Философия искусства Хайдеггера, как он сам указывает[26], сложилась в качестве реакции на художественную практику немецкого экспрессионизма. В самых своих крайних проявлениях немецкий экспрессионизм никогда не терял из виду предметный мир. Поэтому Хайдеггер и может говорить о бытии самих вещей, говоря об искусстве. Хайдеггер полагает, что язык, то есть артикулированные слово, звук, цвет и т. д., отрекается от внутренне присущих ему возможностей, когда он слепо копирует внешний облик вещей, копирует сущее. Напротив, когда язык искусства обращается к своим собственным возможностям, он выявляет бытие сущего, то есть способ его существования, который вписан в сам язык и раскрывается в творчестве художника. Художник, реализуя скрытые возможности языка, выявляет тем самым скрытую истину о вещах. Хайдеггер, таким образом, видит смысл и значение искусства там, где Малевич видит его несчастье. Малевич стремится не раскрыть скрытые отношения вещей и тем самым явить мир в его полноте, – он полагает, что эта задача обречена на провал; так как бытие сущего представляет собой абсолютный хаос, Малевич стремится выйти за пределы всякой отсылки к предметности. Работы Малевича и в действительности свободны от предметных указаний. Сопоставив их с реальностью, можно лишь создать новые предметы, восприняв эти работы как проекты таких предметов, иначе говоря, поняв их конструктивистски, но извлечь из них какое-то знание о бытии сущего невозможно.

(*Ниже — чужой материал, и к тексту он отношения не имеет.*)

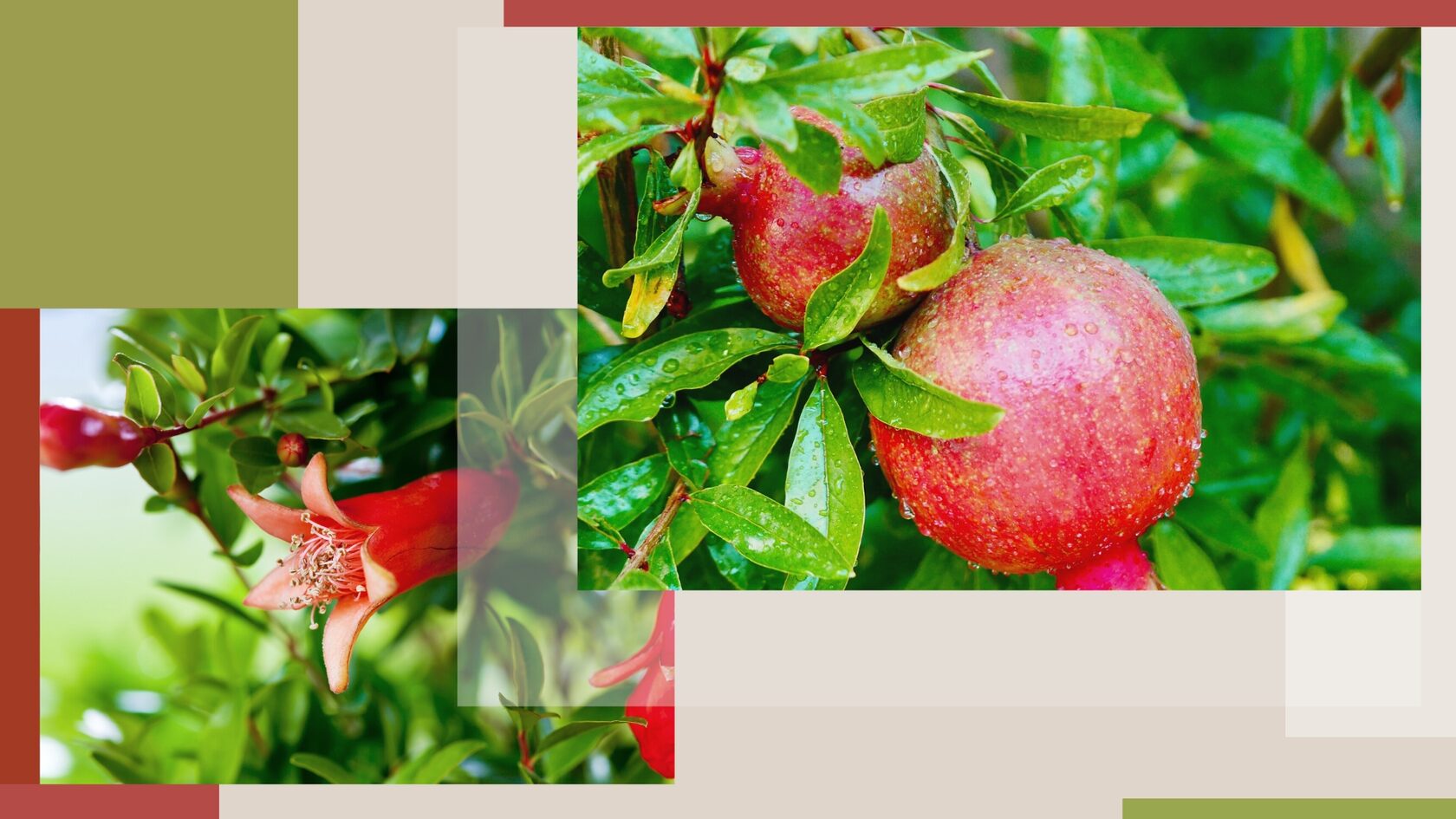 гранатовый сок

В супрематических работах Малевича нет ни указания на утраченный мир смыслов, ни указания на позицию по отношению к нему современного человека.
Малевич, как уже было сказано, воспринял разрушение изначально окружавшего его мира (Umwelt) как доказательство внутренне присущего этому миру дефекта. Для него утрата мира как дома не результат забвения бытия, как у Хайдеггера, а результат избавления от ложной иллюзии.

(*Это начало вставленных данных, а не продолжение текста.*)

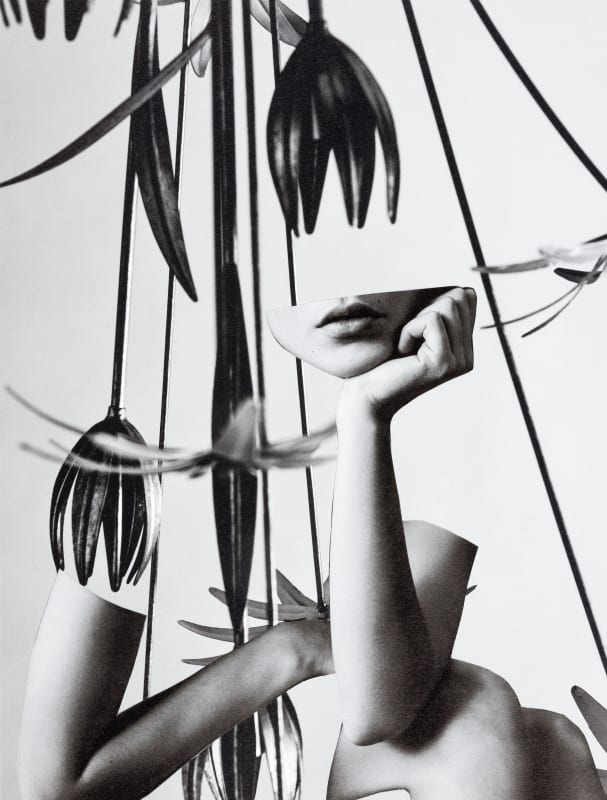 Miriam Tölke, Tulipan, 2019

У Малевича есть, впрочем, много работ «крестьянской темы», очень точно соответствующих по духу хайдеггеровскому видению искусства. Малевич дает в них картину «изначально раскрытого мира и его новоприобретенной двусмысленности и опасности». Но все же не эти работы определяют творчество Малевича. Крах изначального мира побуждает Малевича искать истину в самом искусстве, в его собственном мире, в способности искусства к выходу за границы герменевтического единства «общины».

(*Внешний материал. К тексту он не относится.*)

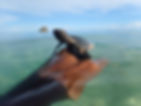 Hawksbill hatchling sitting on a man's hand in the ocean.
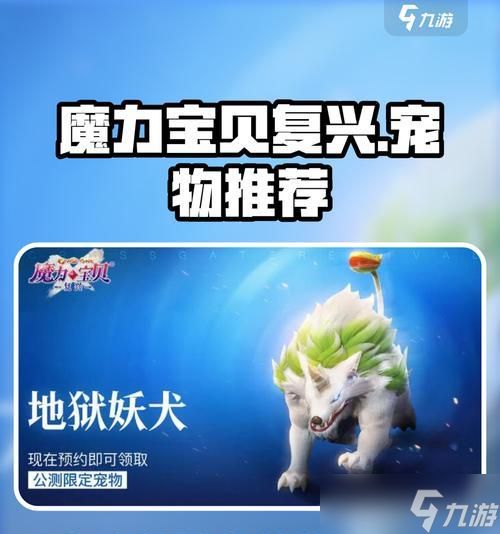 魔力宝贝起源宠物捕捉技巧？捕捉宠物的注意事项是什么？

Некоторые работы «крестьянской темы» представляют собой своеобразные иконы, в которых черным закрашены лики и руки – все то, что на обычных православных иконах не скрыто за окладом. Сквозь оклад рисунка просвечивает черный мир, черная реальность. Оклад и изображение меняются здесь местами. Эта перемена значима – и именно в хайдеггеровской перспективе. Но она совершается внутри определенной символики картины-иконы. Белый фон «черного квадрата» можно также считать скорее окладом иконы, чем фоном картины. Но здесь уже сама картина как таковая становится изображением, и таким образом преодолевается всякая отсылка к предметности. Малевич указывает здесь на область, лежащую за пределами языка искусства, и именно эту область делает сферой своего творческого освоения.